The task: Print every line below without adding or leaving out a single word.

Provided information:
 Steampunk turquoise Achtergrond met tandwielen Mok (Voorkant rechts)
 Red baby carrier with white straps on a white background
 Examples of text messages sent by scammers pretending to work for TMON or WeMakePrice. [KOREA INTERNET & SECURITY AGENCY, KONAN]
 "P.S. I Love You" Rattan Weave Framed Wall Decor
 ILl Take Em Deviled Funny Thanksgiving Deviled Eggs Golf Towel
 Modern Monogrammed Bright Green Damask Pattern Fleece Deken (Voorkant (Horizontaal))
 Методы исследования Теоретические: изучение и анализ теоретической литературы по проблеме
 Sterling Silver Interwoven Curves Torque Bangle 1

Result below:
 Steampunk turquoise Achtergrond met tandwielen Mok (Voorkant rechts)
 Red baby carrier with white straps on a white background
 Examples of text messages sent by scammers pretending to work for TMON or WeMakePrice. [KOREA INTERNET & SECURITY AGENCY, KONAN]
 "P.S. I Love You" Rattan Weave Framed Wall Decor
 ILl Take Em Deviled Funny Thanksgiving Deviled Eggs Golf Towel
 Modern Monogrammed Bright Green Damask Pattern Fleece Deken (Voorkant (Horizontaal))
 Методы исследования Теоретические: изучение и анализ теоретической литературы по проблеме
 Sterling Silver Interwoven Curves Torque Bangle 1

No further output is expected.